**REQUIREMENT**. Copy out exactly the lines spanning the line with "An illustration from" to the line with "img-20160925-wa0002.jpg", inclusive, from the data underneath, with no pictures.

**SUPPLIED DATA**.
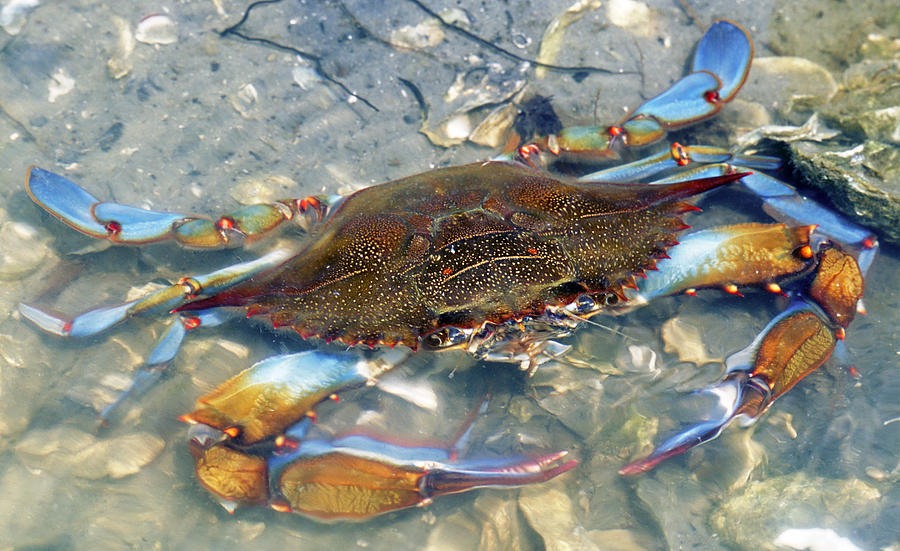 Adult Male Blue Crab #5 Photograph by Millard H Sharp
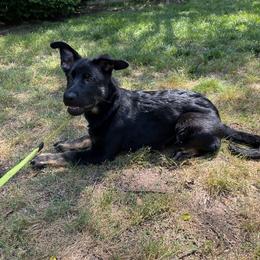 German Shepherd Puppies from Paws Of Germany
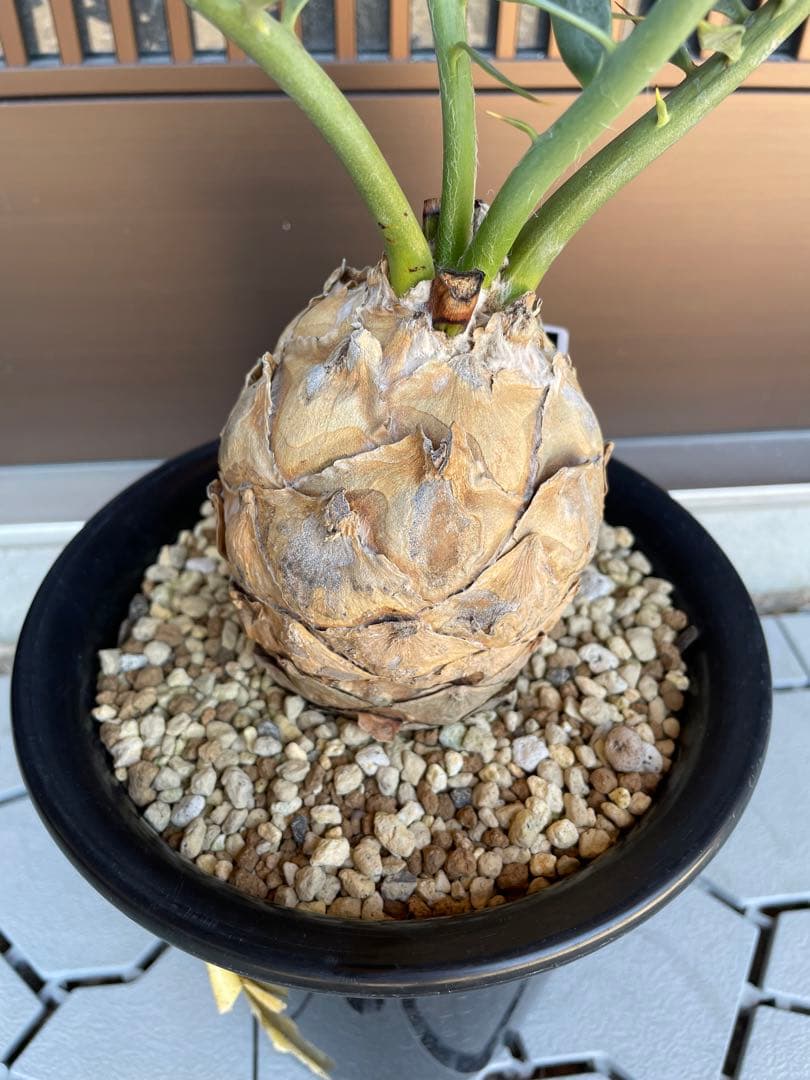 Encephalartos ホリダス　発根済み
==
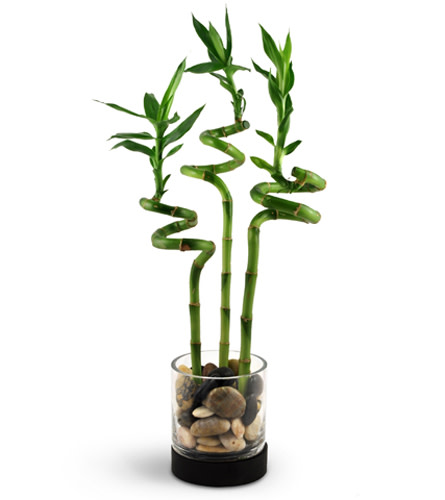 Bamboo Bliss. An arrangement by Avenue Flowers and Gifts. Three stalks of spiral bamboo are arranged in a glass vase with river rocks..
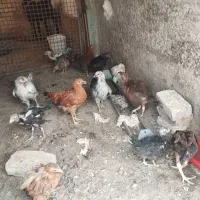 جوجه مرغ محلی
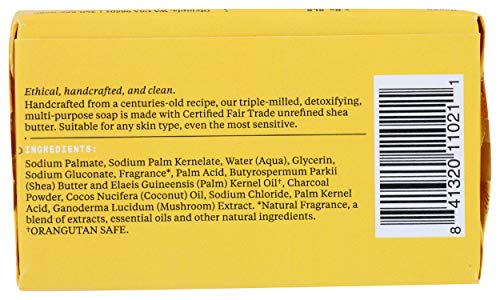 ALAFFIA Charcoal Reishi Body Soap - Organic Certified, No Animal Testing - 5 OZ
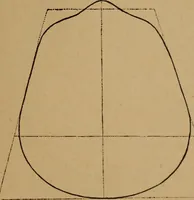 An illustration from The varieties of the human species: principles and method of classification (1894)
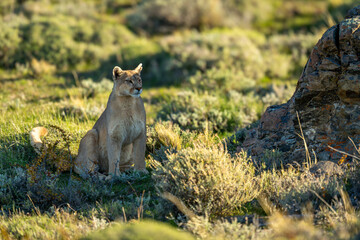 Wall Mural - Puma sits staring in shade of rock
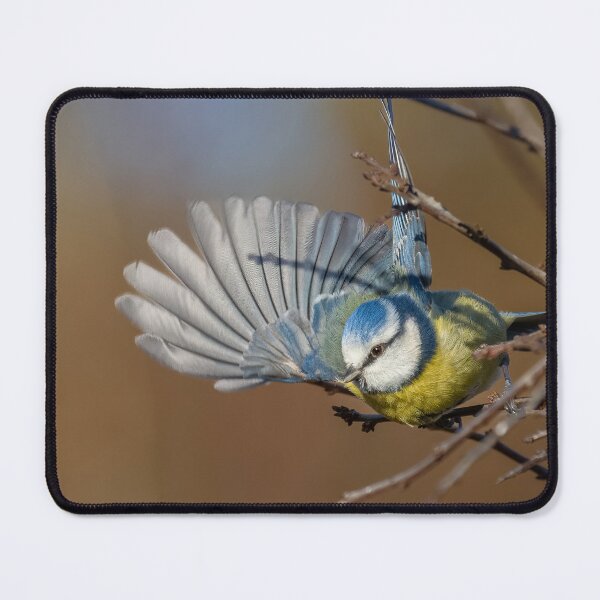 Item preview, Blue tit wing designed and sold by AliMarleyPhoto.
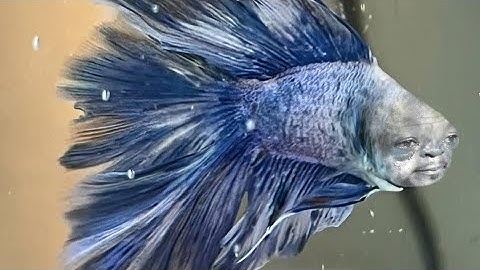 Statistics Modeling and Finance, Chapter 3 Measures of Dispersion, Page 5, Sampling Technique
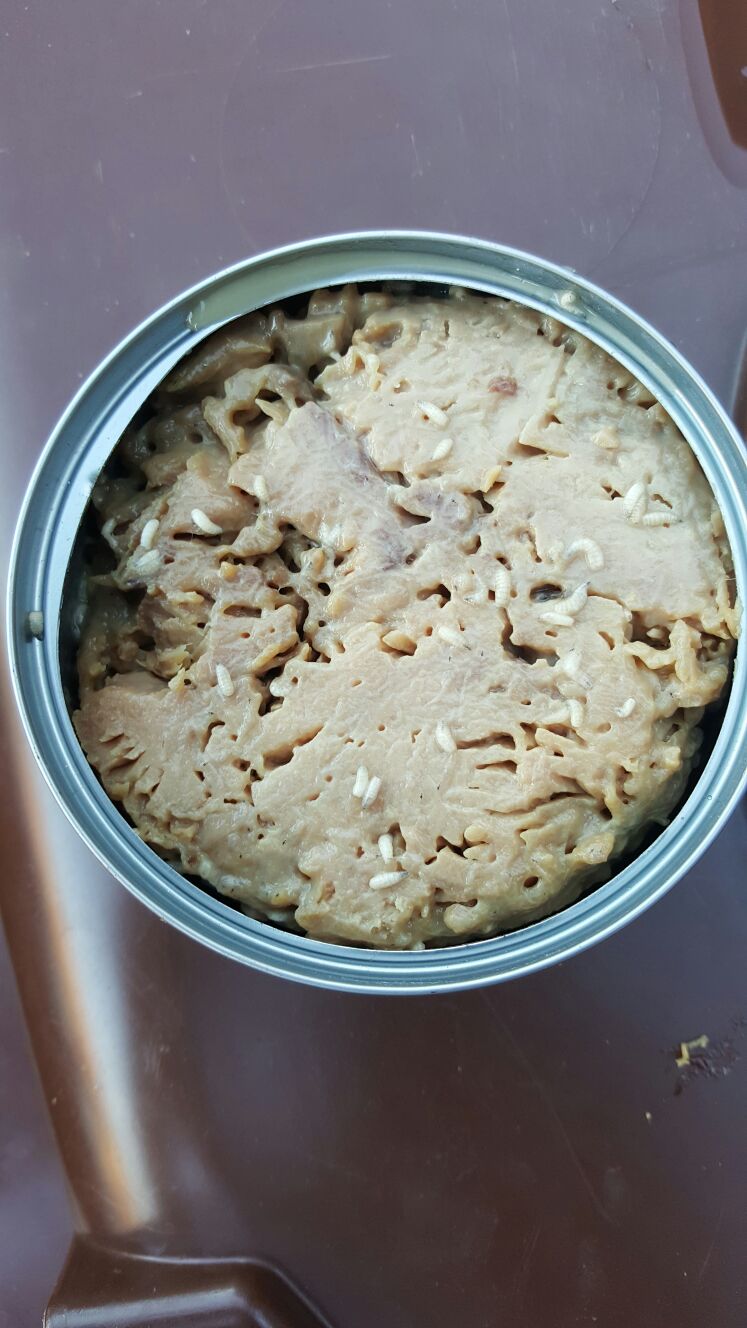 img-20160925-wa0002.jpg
--
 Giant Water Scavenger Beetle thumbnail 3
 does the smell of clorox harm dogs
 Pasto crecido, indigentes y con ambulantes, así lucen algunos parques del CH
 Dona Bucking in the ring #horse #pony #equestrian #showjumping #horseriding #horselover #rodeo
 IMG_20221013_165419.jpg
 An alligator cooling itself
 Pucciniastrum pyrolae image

**WORKED SOLUTION**.
 An illustration from The varieties of the human species: principles and method of classification (1894)
 Wall Mural - Puma sits staring in shade of rock
 Item preview, Blue tit wing designed and sold by AliMarleyPhoto.
 Statistics Modeling and Finance, Chapter 3 Measures of Dispersion, Page 5, Sampling Technique
 img-20160925-wa0002.jpg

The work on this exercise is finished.